I dangle from a rusted hook in the corner where the damp smudges the plaster. One dodgy frayed lace. That’s the only thing keeping me off the deck.

The air reeks of ammonia and sweat soaked into the bricks before most of these kids were born. It smells of stale piss and failure. It burns the throat. I stay in the dark. We don’t need to talk about it. I am done.

I used to be proper kit. Oxblood red. Stiff cowhide. I stank of the tannery and I hurt people. I was built for a ruck, built to survive. Now I look like shit. The colour bled out years ago. I am a dull, cracked brown, dust matted into the grain. I look like skin left out in the rain until it rotted.

I did my graft. I swung from the fists of lads who walked in skint and furious, carrying the kind of rage you get when the world slams the fucking door on your fingers. I felt that vibration shudder through the horsehair. Defeat is heavy. I carried it for them.
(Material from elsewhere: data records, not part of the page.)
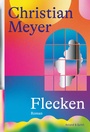 Cover: Flecken - Verlag Voland & Quist
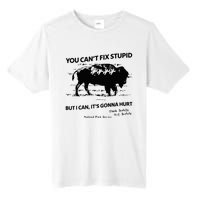 You Can’T Fix Stupid But I Can ItS Gonna Hurt Tall Fusion ChromaSoft Performance T-Shirt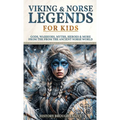 Viking & Norse Legends For Kids: Gods, Warriors, Myths, Heroes & More From The Ancient Norse World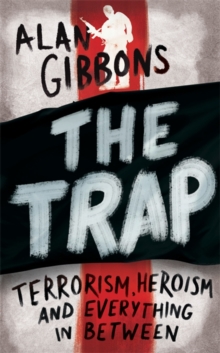 The Trap : Terrorism, Heroism and Everything in Between, Paperback Book The Trap : Terrorism, Heroism and Everything in Between, Paperback Book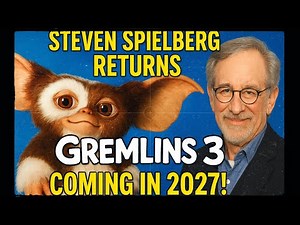 Steven Spielberg Brings Back Gremlins 3 | Release Date, Cast & Everything We Know
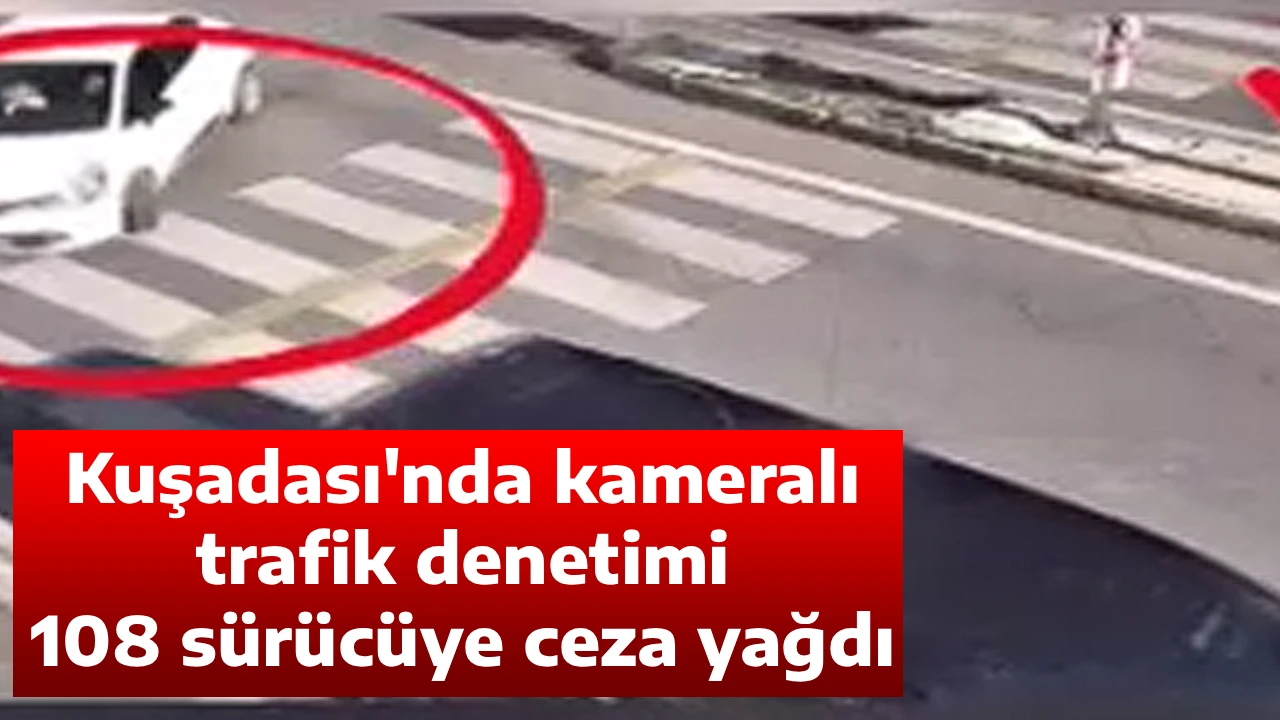 Kuşadası'nda kameralı trafik denetimi 108 s&uuml;r&uuml;c&uuml;ye ceza yağdı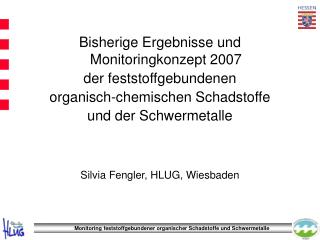 Bisherige Ergebnisse und Monitoringkonzept 2007 der feststoffgebundenen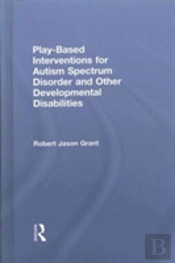 Play-Based Interventions For Autism Spectrum Disorder And Other Developmental Disabilities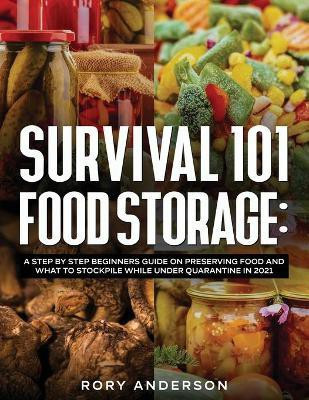 Survival 101 Food Storage(English, Paperback, Anderson Rory)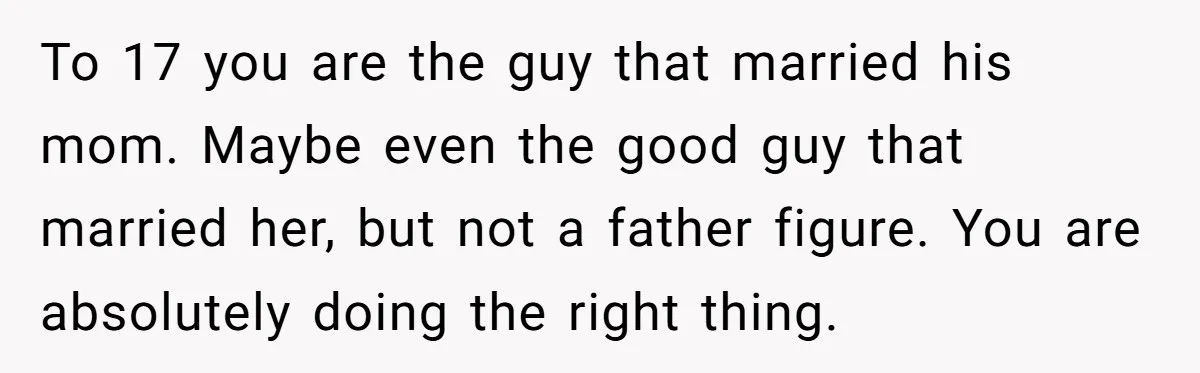 To 17 you are the guy that married his mom. Maybe even the good guy that married her, but not a father figure. You are absolutely doing the right thing.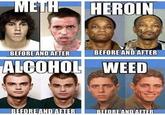 METH HEROIN BEFORE AND AFTER BEFORE AND AFTER ALCOHOL WEED BEFORE AND AFTER BEFORE AND AFTER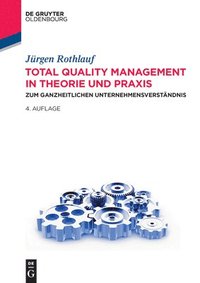bokomslag Total Quality Management in Theorie Und PRAXIS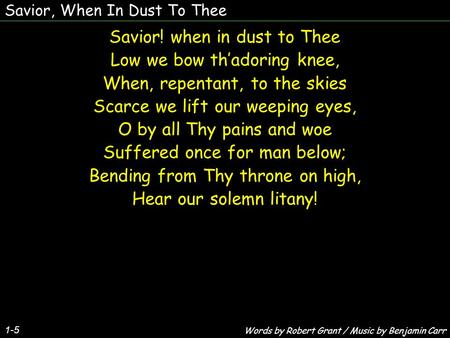 Savior, When In Dust To Thee Savior! when in dust to Thee Low we bow th’adoring knee, When, repentant, to the skies Scarce we lift our weeping eyes, O.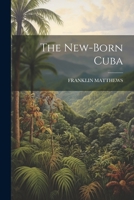 The New-Born Cuba 1145701868 Book Cover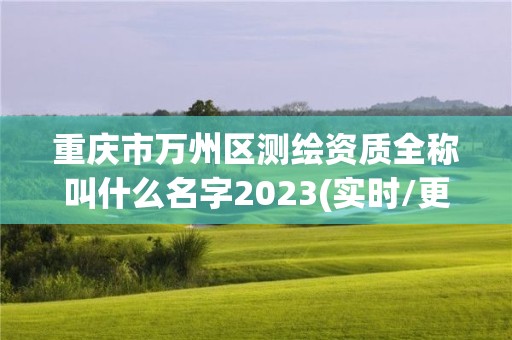 重庆市万州区测绘资质全称叫什么名字2023(实时/更新中)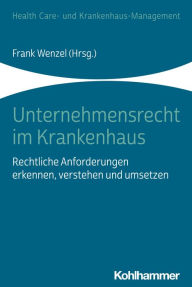 Title: Unternehmensrecht im Krankenhaus: Rechtliche Anforderungen erkennen, verstehen und umsetzen, Author: Frank Wenzel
Time wrecked my guts. The padding shifted and clumped into hard knots like wet cement. The knuckles poke through now. The wrist support collapsed. The stitching by the thumb burst open. I am rotting.

Sparring was the only time I felt alive. The heavy bag is a corpse. It takes a thumping and says nothing. Sparring now that's different. I remember the snap of a cheekbone through the leather, the electric jolt when a punch lands flush and a current shoots up the arm and rattles the teeth.

I was slick with grease and sweat. I smeared away blood and snot. I was held high in victory and booted into the corner on a loss.

They don’t make them like me. Look at the rack. Shiny plastic wank. Velcro straps for speed. Riiip. On. Riiip. Off. No ceremony. No respect. They want it fast.

Laces take time. You can’t tie yourself up. That was the point. You needed another pair of hands. A trainer. A mate. Someone to yank the loops tight and lock you in. We relied on each other. These kids don’t trust anyone. They slap on the plastic and hit the bag for the camera.

The new lads don’t see me. I am trash. Their hands go straight to the Velcro. They don’t want gloves that smell of damp cellars and hard work. They don’t know I can feel the difference between a nervous jab and a shot thrown with hate. I know the shake in a kid’s hands when he steps through the ropes. I used to steady those hands.

So I hang here. A spider spun a web between my cuff and the brick. Cheeky bastard. This is retirement. Just old cowhide stiffening in the cold while the plastic generation plays at fighting.

I am not waiting for a fight. I am waiting for the fucking skip.